For many years, we have been urged to utilize CBT and GET treatments: hardly reasonably scientifically underpinned? Patients have been fighting against it for years. What we think is strange because why should one refuse to participate in a treatment that will enhance your recovery? Up to the Central Appeals Board (see footnote) it has been discussed. Benefits and facilities have been rejected based on the argument, “There is a treatment that enhances your recovery, I expect you to follow it.”

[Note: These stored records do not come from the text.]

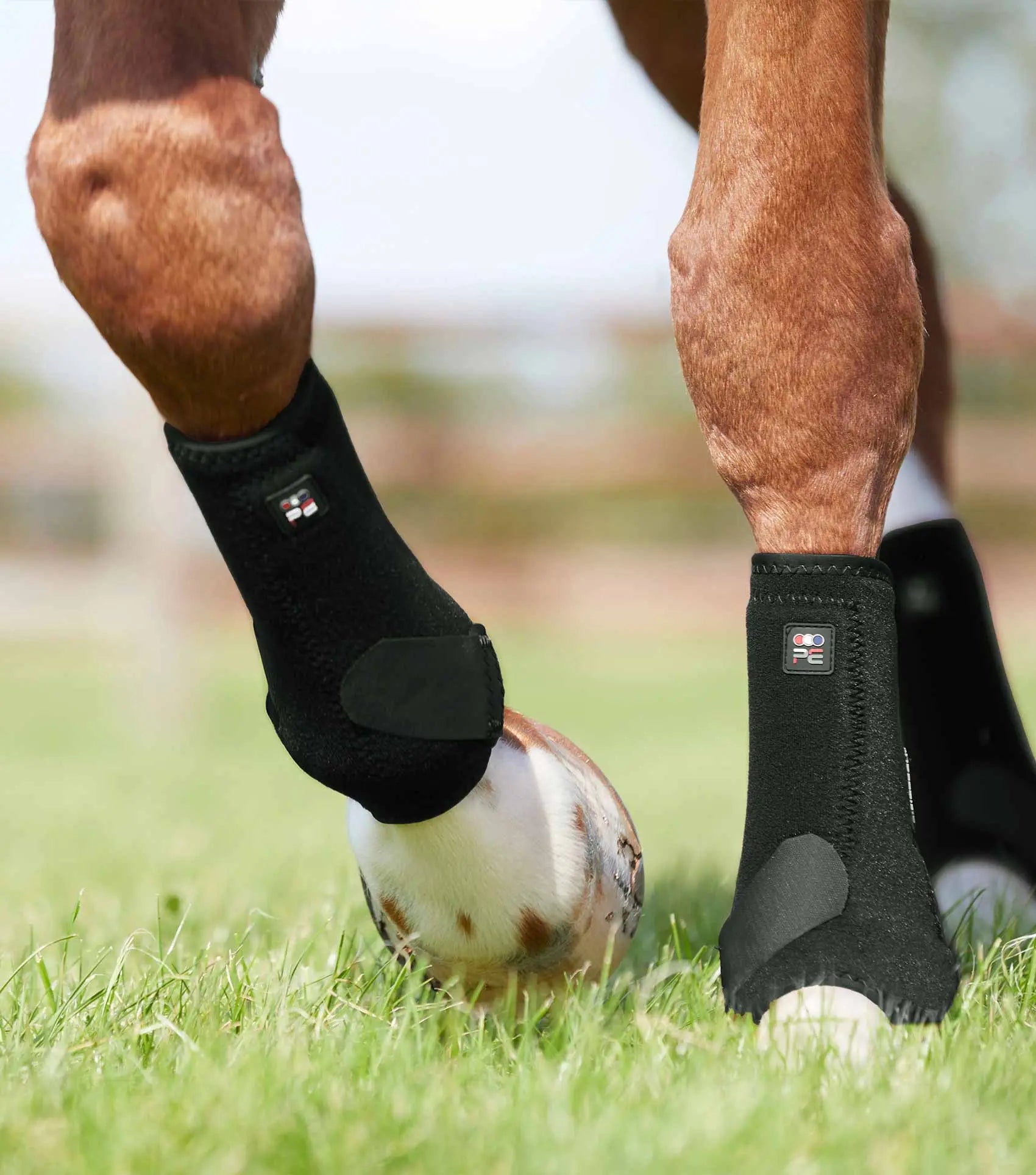 Premier Equine Air-Tech Sports Medicine Boots by Premier Equine at Try A Bit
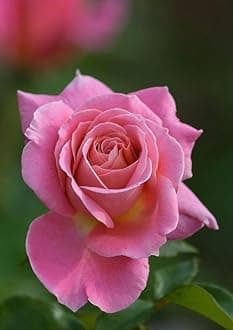 Gebdinsh Garden® Imported Rose Pink Color Flower Seeds For Gardening | Pack Of 50 to 60 Seeds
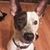 Judy Ruhl Stewart's profile image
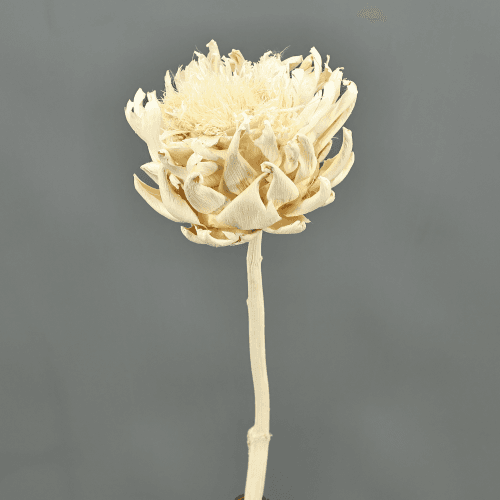 Cynara seca blanca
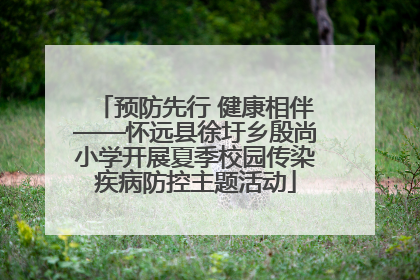 预防先行 健康相伴——怀远县徐圩乡殷尚小学开展夏季校园传染疾病防控主题活动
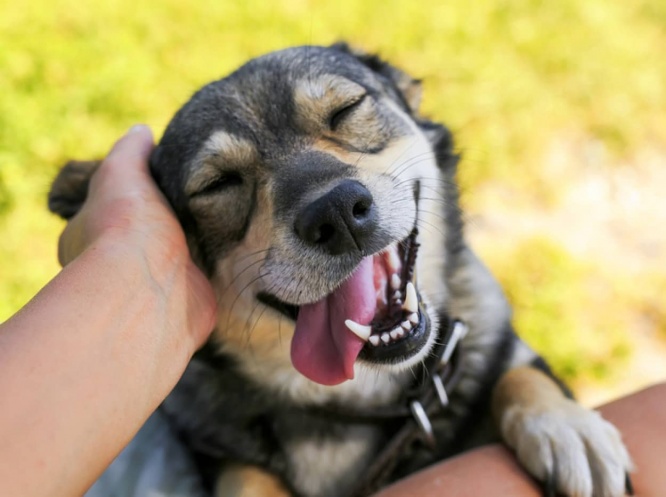 犬アレルギーに朗報。原因物質の構造が解明され、予防ワクチンの開発に前進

Is the multidisciplinary guideline CFS still correct? The Centers for Disease Control (CDC) have just removed these treatment options in an update. Is it true that there is no benefit, but there is potential harm? That is a confusing development for patients and insurance doctors as well. We thought patients were on the right track, but we have been left empty handed. I am confused. What is the right thing to do? I quote GP and insurance doctor Mark Vink; His Pace trial analysis received a nomination for the 2016 John Maddox Science Prize: “It is in everyone’s interest that ME patients get back to work as soon as possible and are no longer eligible for benefits (LC: this is a PACE-quote) Reassessments of the PACE trial have now shown that it will never happen applying CBT and GET. ”

If this is correct, we need to change our approach.

Recap: There is a scientific dispute about the quality of research into the effectiveness of CGT and GET at CVS / ME. This dispute degenerates in shaming and blaming. Based on those contested studies and therapies, guidelines have been written. What should one do now as a practitioner or insurance doctor? How can one Judge what is right and what is wrong? At the same time, we are the ones who have to advise and judge – and we can be hold responsible for that. What is sensible to do in such a situation? I say: do not participate in this game. Our position is in a seat at the back. Until the scientists come to a reasonable conclusion we should refrain from too firm judgements. Quite reasonable, right?